Many observers have noted the irony of this President – who was among the foremost in condemning the anti-terror methods of his predecessor – now dealing with public condemnation of his own choices to pursue and even expand many of the same programs. But to me, the poetic justice runs deeper.
One reason the NSA metadata programs have been so critical to our continued security methods is that we have precious few other forms of intelligence. The Obama Administration has outlawed all but the most perfunctory forms of interrogation, and because of its commitment to a pre-9-11 mindset is disposed to giving Miranda rights to terrorists such as Dzhokar Tsarnaev so we don’t get a chance to do even minimal interrogation. And while the drone program has been successful at decimating top terror leaders and their families at minimal cost in US lives, it also means we silence potential sources of intel rather than capture and exploit them. So the NSA program, which is now under attack, is one of the few tools we have left.

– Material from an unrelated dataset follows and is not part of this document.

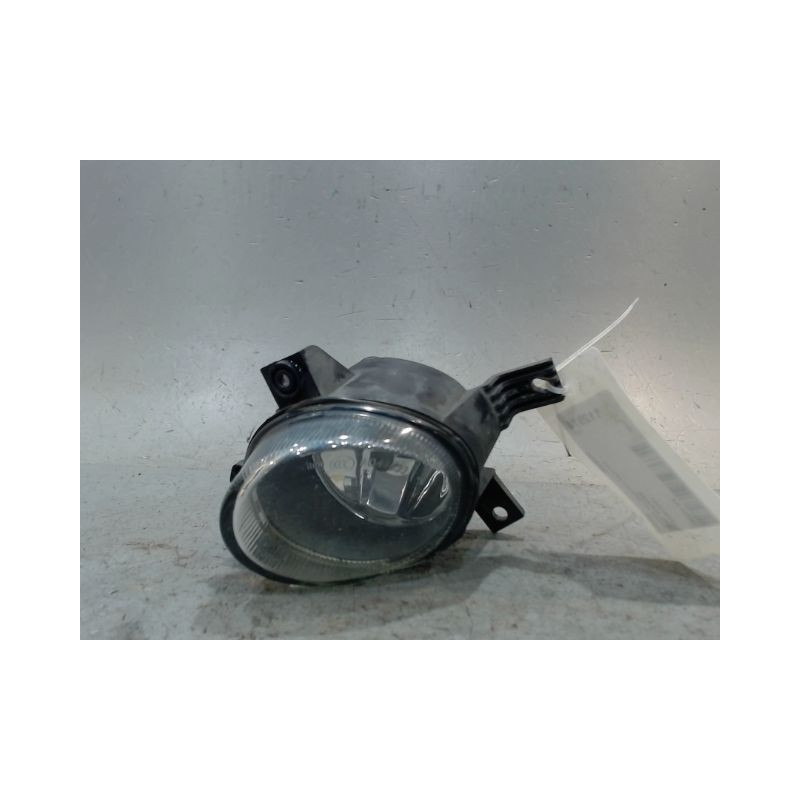 PHARE ANTIBROUILLARD AVANT GAUCHE AUDI A4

To return to Snowden, who is now in the midst of some Cook’s Tour of civil rights abusers in search of asylum, the additional irony is that one of President Obama’s early foreign policy objectives was to “restore the US standing in the world,” supposedly tarnished by the wild cowboy from Crawford, Texas and his unilateral ways.

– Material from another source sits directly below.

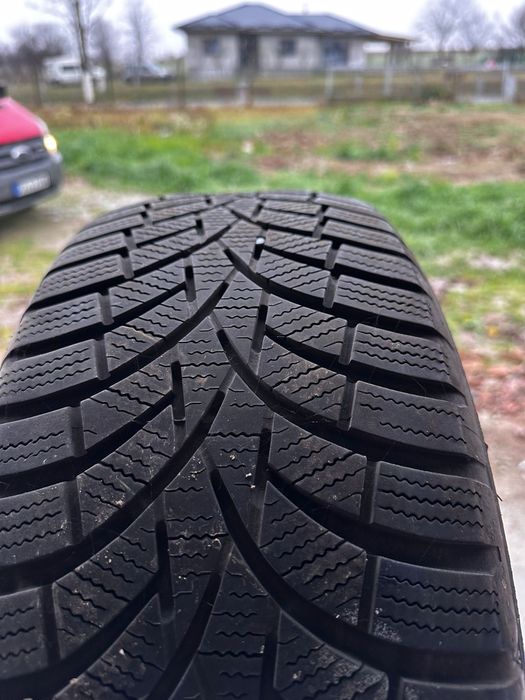 Cauciucuri 205/60R16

So we had the famous “reset” with Moscow, the “shirt-sleeve” summit with China’s new premier, and all the other demonstrations of US good will. It was almost as if the President thought that by sheer dint of his scintillating personality he could bring international rivals to sing from the US songbook. Instead, we can’t even get Hong Kong to honor a decades-old extradition treaty, and Secretary Kerry vaguely warns of “consequences” if the Russians fail to arrest Snowden. Those would, presumably, be the same kind of “consequences” at which Syria now trembles for having crossed the red line and used chemical weapons. Which is to say, nothing at all.
So, instead of a non-issue, we have the nation in an uproar over civil rights invasions, one of our last remaining sources of anti-terror intelligence under attack, and the international community blithely indifferent to our demands for the return of a duplicitous contractor.
And, incidentally, what does it say about the security of our classified data that a mid-level contractor could download it to a thumb drive and sell it to the highest bidder? This government needs some controlling, all right.